最近友人の結婚式向けに着物を仕立てたんですが、恥ずかしながらその時初めて自分の家紋を意識しました。丸に橘、意味を調べると一層愛着がわきます。
そもそも紋章とは?
平安時代初期、紋章の始まりは文様として、天地草木などの自然や自然現象を取り入れることとして始まった。それは四季折々に咲き競う花々、そして水辺に遊ぶ千鳥や雁の群れ。霞み棚引く春の遠山の景色が、秋には夕日に映える錦繍の彩りへと移りゆく自然がある。
(pp.4)
文様が紋章となり、それが引き継がれる中で貴族社会での家格を表すものになっていったと。江戸時代に入ると、苗字帯刀は許されなかった庶民でも紋章の自由は認められ、紋章のブームが起きました。
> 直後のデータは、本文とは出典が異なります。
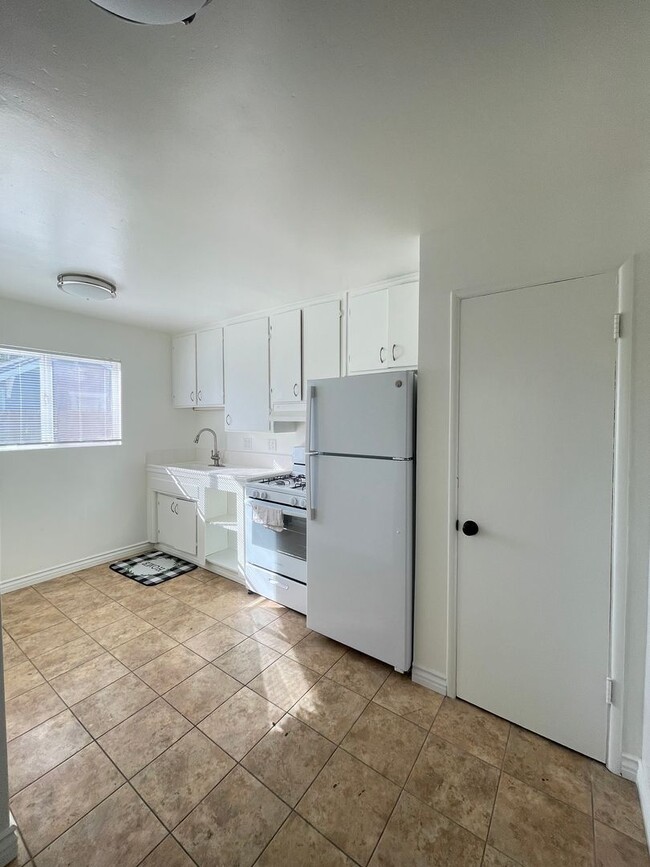 Building Photo - One Bedroom Southside Apartment with Garage!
それを通じて、"紋"という概念が日本の社会に深く浸透してきたとのこと。
現在紋章は基本的なものだけで200種類以上、同じモチーフで異なるデザインのものを合わせると5,000種類以上あると言われている。
(pp.5)
そんなに。
本書の構成として、植物の紋としてだけでもものすごい数。
- 梅
- 桜
- 桐
- 牡丹
- 杜若(かきつばた)
- 鉄線
- 朝顔
- 蓮
- 沢瀉(おもだか)
- 藤
- 菊
- 桔梗
- 竜胆(りんどう)
- 橘
- 片喰(かたばみ)
- 柏
- 蔦
- 葵
- 茗荷
- 竹・笹
- 楓
- 松
- 瓢(ひさご)
- 南天
- 稲
- 萩
- 薄(すすき)
- 棕櫚(しゅろ)
- 撫子
紹介されているもの、全部書いてみました。すごい数。
流石に葵や菊の紋はすてきで、迫力を感じます。
三つ割笹竜胆なんかもシュッとしてていい感じ。
後半は山や月などの自然現象、雁や兎などの動物、さらには石のようなオブジェクトをテーマにした紋章まで紹介されていて、一日見ていられる...となりました。
また没入できる素敵な一冊を発見してしまいました。